As per Section 98(2) For the purposes of sub-section (1), – i) any equity may be treated as debt or vice versa; any accrual, or ii) receipt, of a capital nature may be treated as of revenue nature or vice versa; or iii) any expenditure, deduction, relief or rebate may be recharacterized.

NON-APPLICABILITY OF GAAR: As per rule 10U (1): GAAR is not applicable in following cases:

a. An arrangement where the tax benefit in the relevant AY arising, in aggregate, to all the parties to the arrangement does not exceed Rs. 3 Cr.

b. a Foreign Institutional Investor (FII);

i) who is an assessee under the Act;

 ii) who has not taken benefit of an agreement referred to in section 90 or section 90A as the case may be; and

iii) who has invested in listed securities, or unlisted securities, with the prior permission of the competent authority, in accordance with the Securities and Exchange Board of India (Foreign Institutional Investor) Regulations, 1995 and such other regulations as may be applicable, in relation to such investments;

c. Non-resident in relation to investment made by him by way of offshore derivative instruments or otherwise, directly or indirectly, in a FII;

d. Any income accruing or arising to, or deemed to accrue or arise to, or received or deemed to be received by, any person from transfer of investments made before the 1st day of April, 2017 by such person.

ANALYSIS OF RULE 10U (1)

i) If tax benefit for particular AY to all the parties is up to Rs. 3 Cr. then GAAR is not applicable.

ii) GAAR is not applicable to FII.

iii) GAAR is not applicable to NR for investment through FII.

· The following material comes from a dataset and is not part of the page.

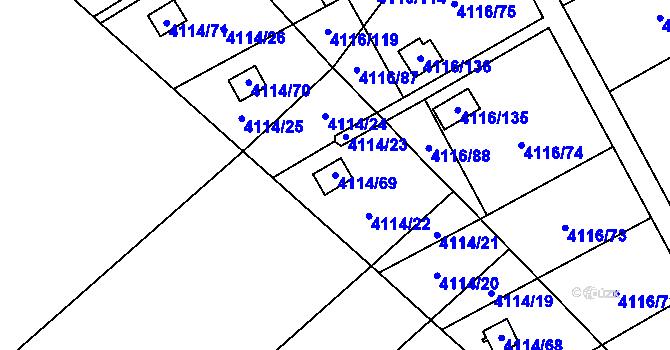Parcela st. 4114/69 v KÚ Místek, Katastrální mapa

iv) GAAR is not applicable to income from transfer of investment which was made before 1/04/2017, this is called grandfathering of investment made before 01/04/2017. It is to be noted that grandfathering is available only for investments and not for arrangements.

PROCEDURAL PROVISIONS:

Procedure for treating arrangement as IAA is given in section 144BA of Income Tax act, 1961.

1. AO MAKES REFERENCE TO COMMISSIONER OF INCOME TAX (CIT) OR PRINCIPAL CIT (PCIT):

At any stage of assessment or reassessment proceedings before AO, AO having regard to the material and evidence available, considers that it is necessary to declare an arrangement as IAA and to determine consequence of such an arrangement within the chapter X-A, then AO may make reference to CIT/PCIT. In short if AO during assessment/reassessment proceeding considers that section 95 is to be invoke and is having all material and evidence, then AO may make reference to CIT/PCIT.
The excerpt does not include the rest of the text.